#### Excerpted records ####

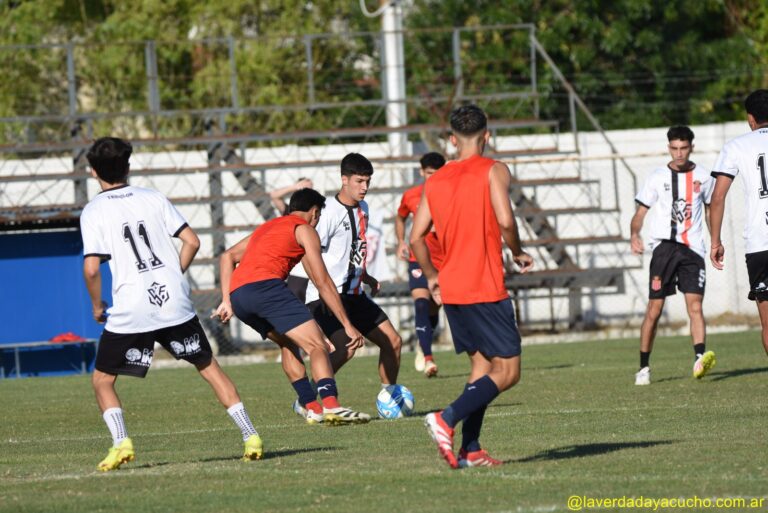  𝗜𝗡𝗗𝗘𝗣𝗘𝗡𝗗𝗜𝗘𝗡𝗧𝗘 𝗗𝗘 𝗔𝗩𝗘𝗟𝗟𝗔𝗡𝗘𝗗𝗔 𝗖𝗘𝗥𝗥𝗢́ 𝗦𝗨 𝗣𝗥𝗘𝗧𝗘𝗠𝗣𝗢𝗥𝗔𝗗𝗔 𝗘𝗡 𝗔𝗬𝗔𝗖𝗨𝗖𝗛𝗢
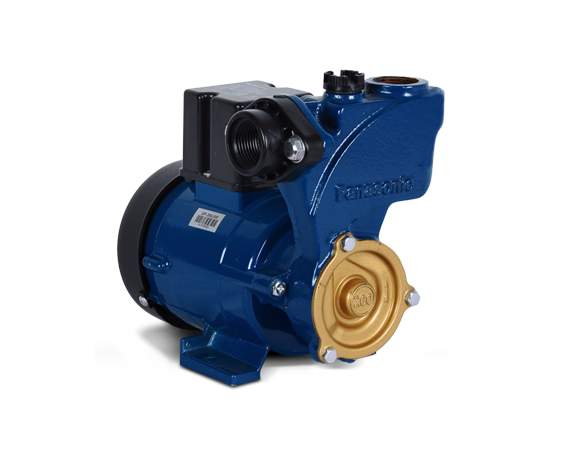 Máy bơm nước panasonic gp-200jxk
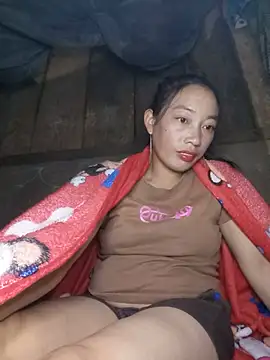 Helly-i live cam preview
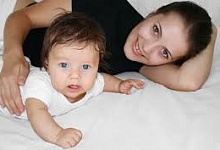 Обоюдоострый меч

####
#### Excerpted records ####

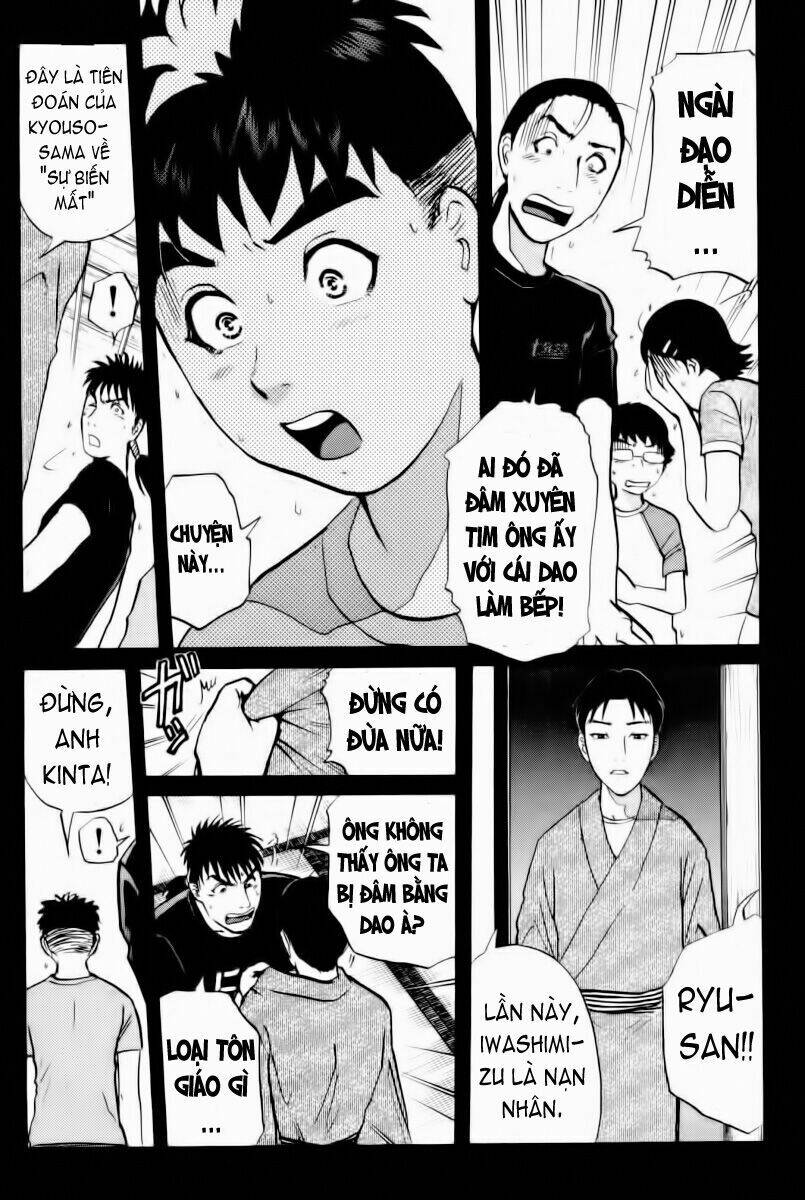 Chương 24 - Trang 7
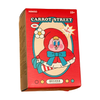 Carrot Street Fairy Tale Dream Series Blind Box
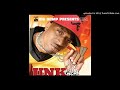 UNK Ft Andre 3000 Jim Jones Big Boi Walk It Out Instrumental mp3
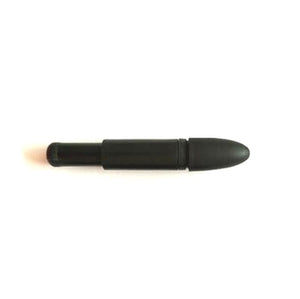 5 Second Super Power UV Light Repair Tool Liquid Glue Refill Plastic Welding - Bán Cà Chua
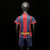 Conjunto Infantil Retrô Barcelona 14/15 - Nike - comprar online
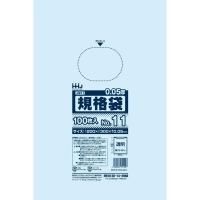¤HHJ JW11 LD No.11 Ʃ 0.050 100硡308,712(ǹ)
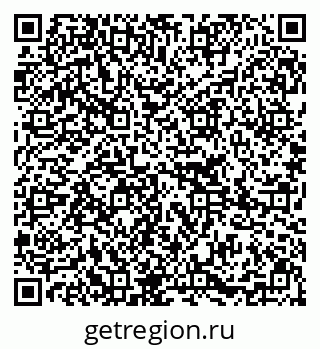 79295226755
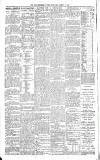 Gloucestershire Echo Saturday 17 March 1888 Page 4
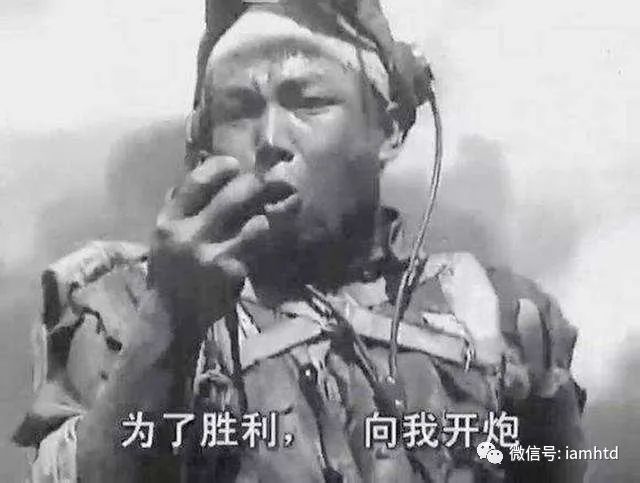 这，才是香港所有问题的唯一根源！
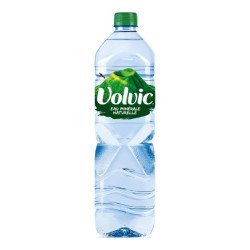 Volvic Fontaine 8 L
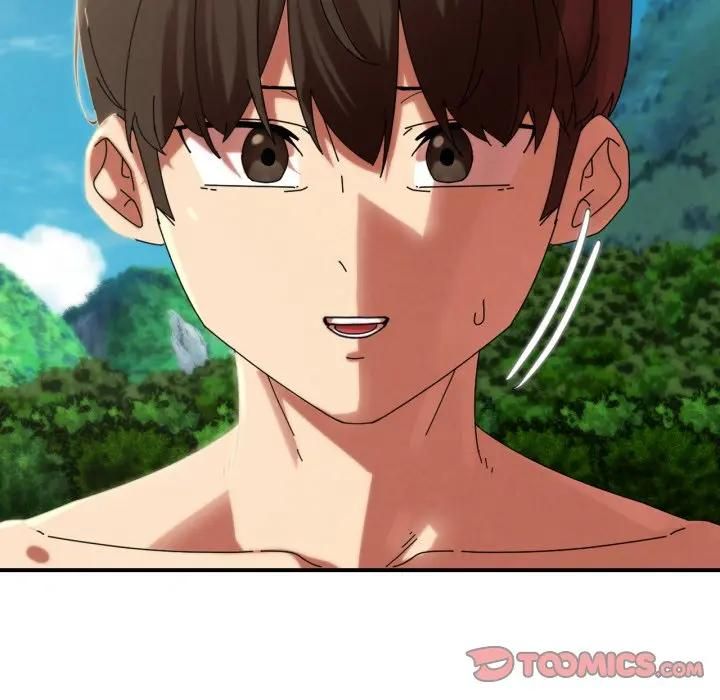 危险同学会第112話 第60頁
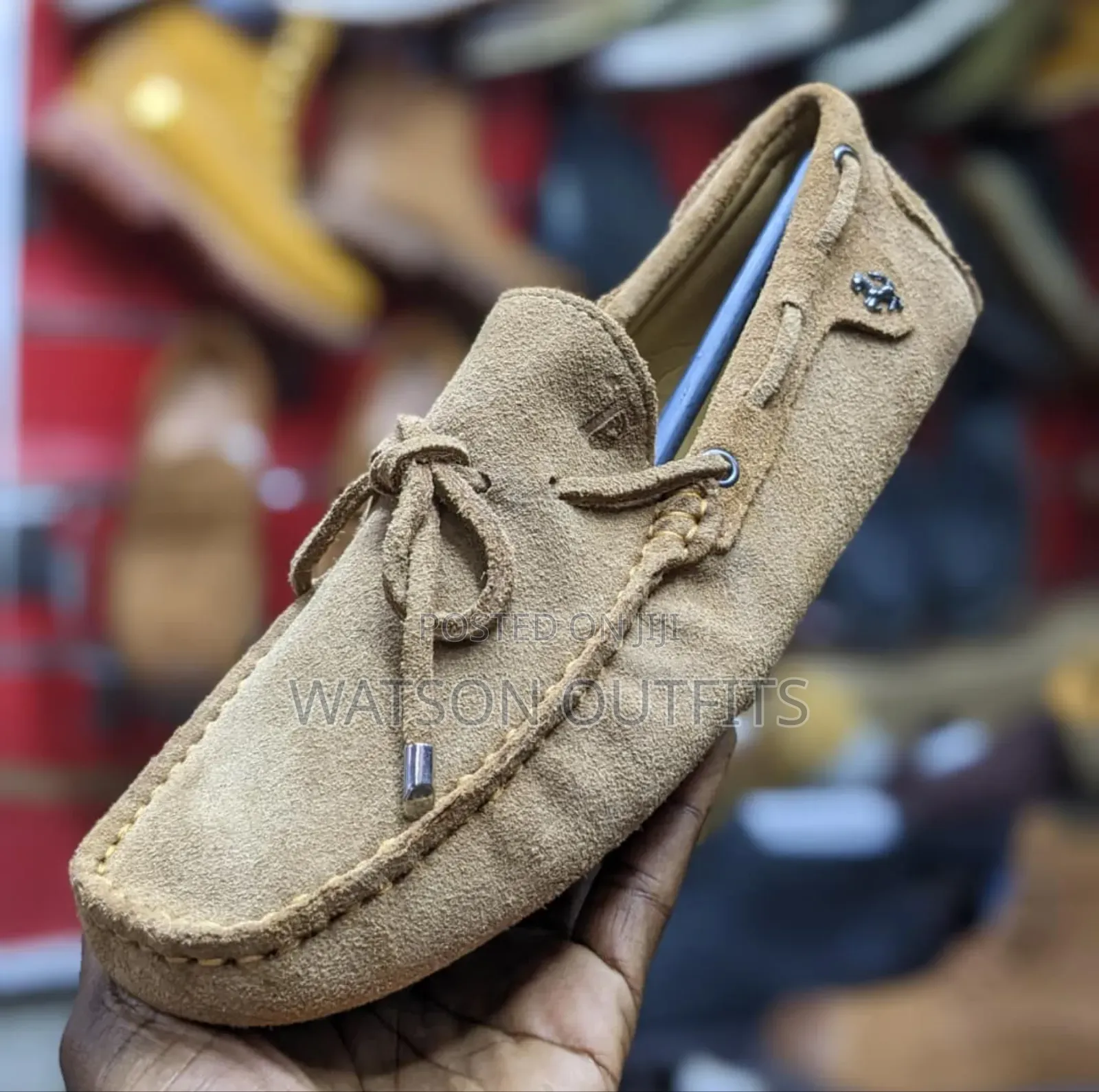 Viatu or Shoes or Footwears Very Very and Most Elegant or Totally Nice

####

Work item
Among the lines above, the one with "𝗜𝗡𝗗𝗘𝗣𝗘𝗡𝗗𝗜𝗘𝗡𝗧𝗘 𝗗𝗘 𝗔𝗩𝗘𝗟𝗟𝗔𝗡𝗘𝗗𝗔" opens the part to repeat and the one with "Обоюдоострый меч" closes it; repeat only that part exactly, with no pictures.

Solution to the problem
  𝗜𝗡𝗗𝗘𝗣𝗘𝗡𝗗𝗜𝗘𝗡𝗧𝗘 𝗗𝗘 𝗔𝗩𝗘𝗟𝗟𝗔𝗡𝗘𝗗𝗔 𝗖𝗘𝗥𝗥𝗢́ 𝗦𝗨 𝗣𝗥𝗘𝗧𝗘𝗠𝗣𝗢𝗥𝗔𝗗𝗔 𝗘𝗡 𝗔𝗬𝗔𝗖𝗨𝗖𝗛𝗢
 Máy bơm nước panasonic gp-200jxk
 Helly-i live cam preview
 Обоюдоострый меч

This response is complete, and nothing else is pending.